To address the small gap at the right hand corner, did you check the accuracy of the end cut with a square? I'd first trim dead square with a shooting board, as that is my most accurate option, before I'd cope the end.
Couple thoughts for the chipping in the left hand corner . . . Could you cope the end first, then stick the side? If you cope second, could you cope a separate backer piece so that it fits tightly to all surfaces of the stuck side? If the backer mates up tightly chipping should be hindered.
In the left hand picture it looks like you were routing with the grain along the length of the stile, and then routing across grain on the end. If so, that should be done in the opposite order so the tendancy to tear out on the end will be occurring only on portions that will subsequently routed away. I'm not sure about the assorted misallignments elewhere.

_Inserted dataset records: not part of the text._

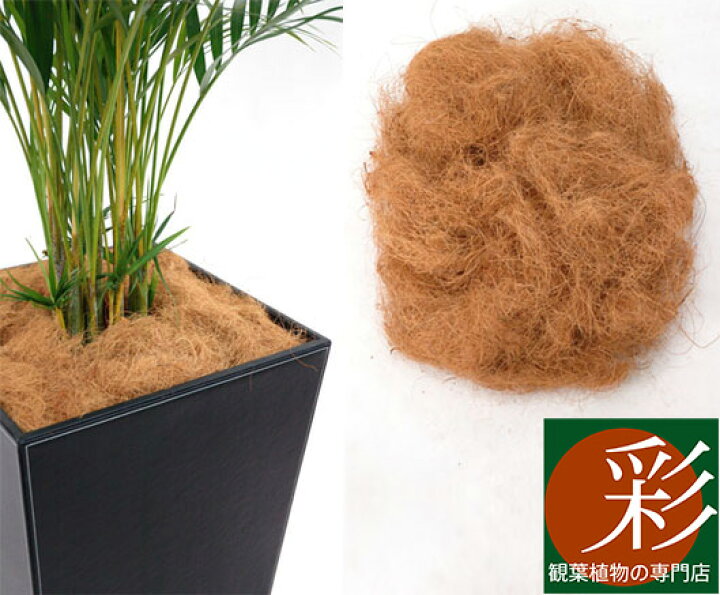 楽天市場 ヤシの繊維から作られたマルチング 鉢土隠し 材ココファイバー 鉢カバーに入れた植木鉢が見えなくておしゃれです インテリア 観葉植物 観葉植物の専門店 彩植健美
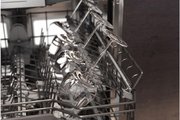 Встраиваемая посудомоечная машина Gaggenau DF481100 фото 4 в Челябинске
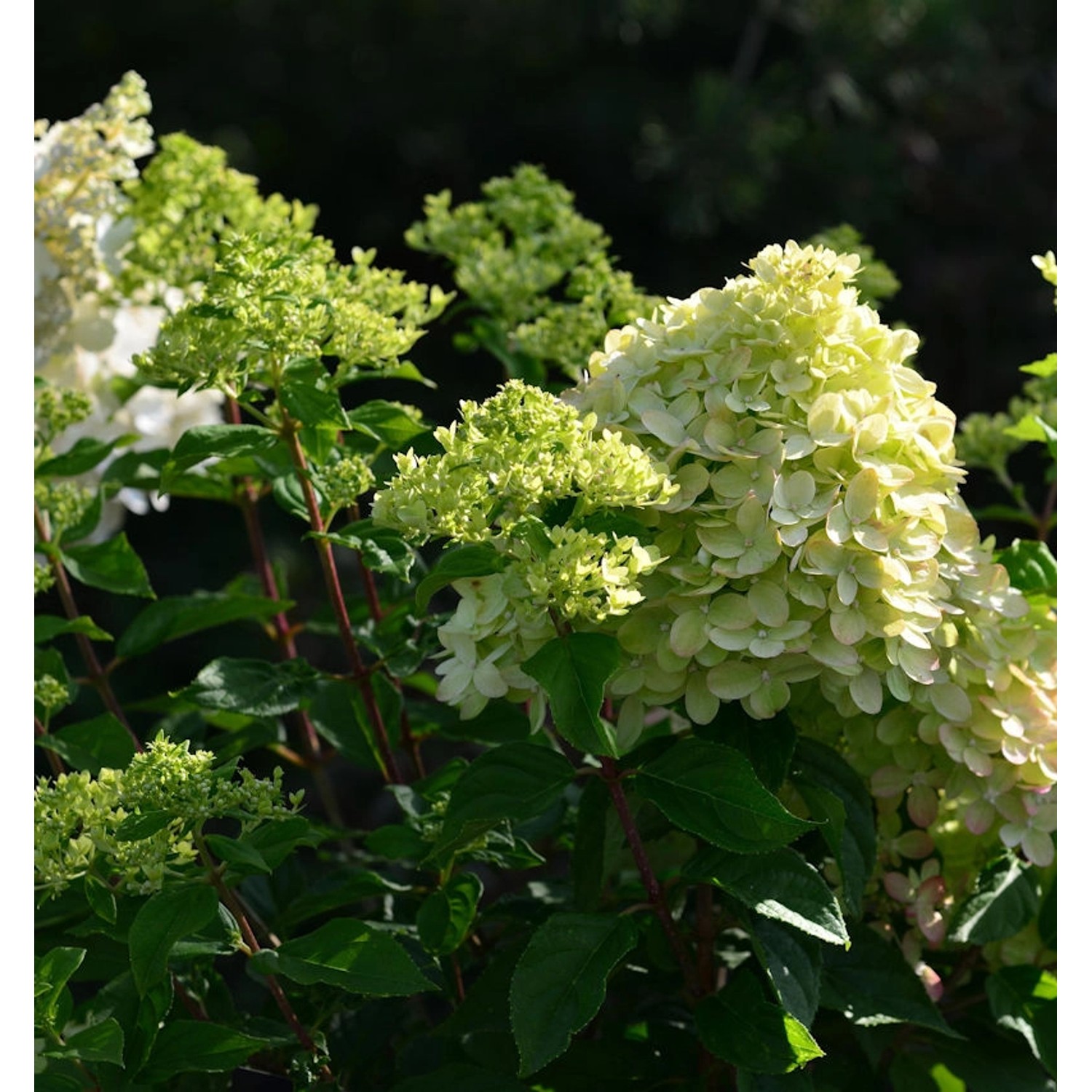 Rispenhortensie Little Lime 80-100cm - Hydrangea paniculata günstig online kaufen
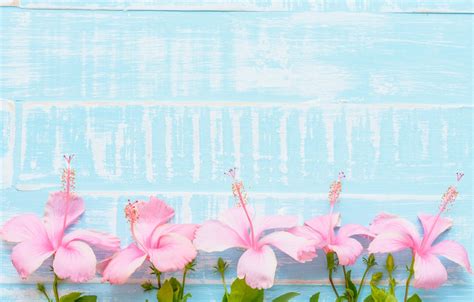 Blue And Pink Flowers Wallpaper - PetsWall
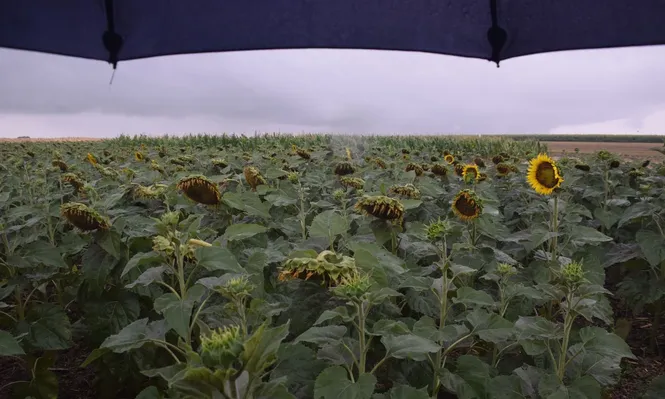 Lluvias sobre el área de ensayo con girasoles, esta semana en el predio de la Expoactiva Nacional.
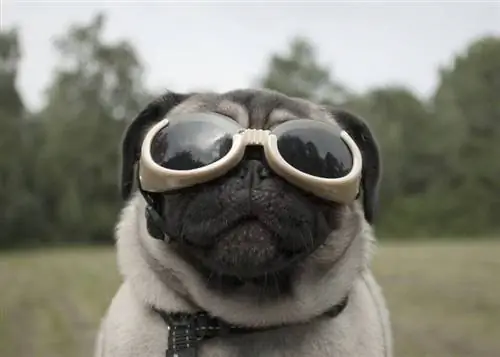 9 cei mai buni ochelari de protecție pentru câini din 2023 – Recenzii & Cele mai bune alegeri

Your sequence is wrong, do your copes first with a backer, then do the beads.
As a cabinetmaker who makes my own doors I can say that there are two ways to fix the tearout. 1) machine the rail ends BEFORE maching with grain - still use a solid backer for supporing piece as it goes through router/shaper, or 2) and this is my preferred method - machine all rail & style stock in board length with stock feeder, cut into individual pieces (length wise), then mill rail ends. To get around tearout on back of rail cope cut I first run a good size piece of scrap through with grain on cope cutting seting to be used as a backer that mates exactly into the groove of rail to support grain as you machine rail ends.